Ive almost finished my first build myself, just awaiting for the varnish to be delievered and then im done! I'm looking at making another one for my 5 month old Bosc monitor.

Below are a couple pics from the one I've just done for my beardie:


----------



## bluepoolshark (May 4, 2010)

That's a cracking background, great work :no1:

As for the Supersnow design I want it to look like a mountain face heading up to a peak, with lots of hides and access to them will be via paths in the front and also via hidden paths within the build


----------



## Jamesferrassie (Jul 14, 2011)

bluepoolshark said:


> That's a cracking background, great work :no1:
> 
> As for the Supersnow design I want it to look like a mountain face heading up to a peak, with lots of hides and access to them will be via paths in the front and also via hidden paths within the build


 
Thanks bro, much appreciated! had stupid amounts of fun making it.

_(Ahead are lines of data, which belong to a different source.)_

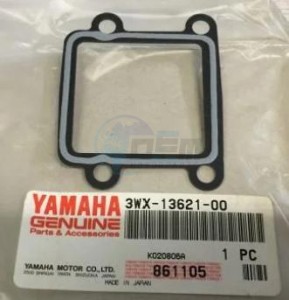 Product image: Yamaha - 3WX136210000 - GASKET, VALVE SEAT 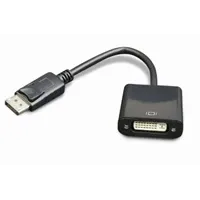 Gembird DisplayPort v.1 to DVI adapter cable, black - Zagreb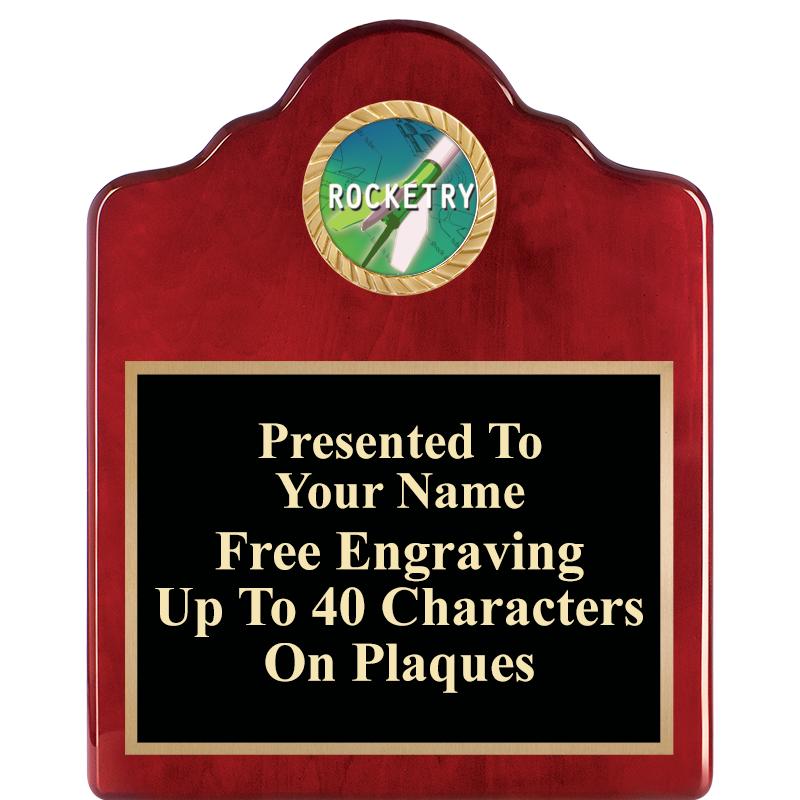 8X10 ROSEWOOD EMBLEM INS PLQ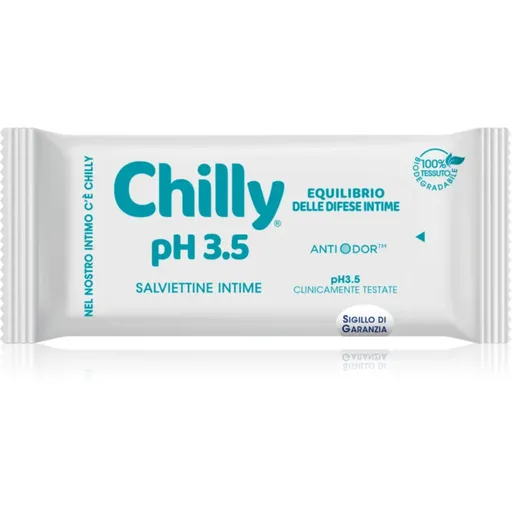 Chilly pH 3.5 servetele umede pentru igiena intima 12 buc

Wow, that sounds awesome! definitely with the enclosed trails and hides within the build. really interested in seeing what you come up with!

Eventually once i've done the build for my bosc, I'm going to attempt fake tree stump build for my chilean rose spider.


----------



## Kxiz (Jun 5, 2011)

Jamesferrassie said:


> Below are a couple pics from the one I've just done for my beardie:
> 
> image
> image


What did you use to get that texture? Normal grout doesn't look anywhere near as nice as that!


----------



## Jamesferrassie (Jul 14, 2011)

Kxiz said:


> What did you use to get that texture? Normal grout doesn't look anywhere near as nice as that!


 
I did 3 layers of all purpose grout from B&Q. Once that had set I mixed PVA glue with water and sand that you use to make cement to get the texture. I did 3 layers of this also to give it a really sturdy and strong structure. Once dry, I did some dry brushing with my younger brothers warhammer paint... he loves that stuff... to get the different colours you get in rocks.

All thats left to be done is apply 3 layers of decorater varnish which is currently awaiting to be delivered... Its taking an age!!

I hope that helps.


----------



## Kxiz (Jun 5, 2011)

Jamesferrassie said:


> I did 3 layers of all purpose grout from B&Q. Once that had set I mixed PVA glue with water and sand that you use to make cement to get the texture. I did 3 layers of this also to give it a really sturdy and strong structure. Once dry, I did some dry brushing with my younger brothers warhammer paint... he loves that stuff... to get the different colours you get in rocks.
> 
> All thats left to be done is apply 3 layers of decorater varnish which is currently awaiting to be delivered... Its taking an age!!
> 
> I hope that helps.


Yep that's a great help! :2thumb: I wouldn't have thought of using the PVA/water/sand to make cement, or varnish! I'll be making my fake rock build soon taking your advice into account


----------



## RedDawn (Aug 4, 2011)

wow thats great! 
I remembered reading something like this ages ago and have been collecting sheets of poly from work ready to make backing for my viv. 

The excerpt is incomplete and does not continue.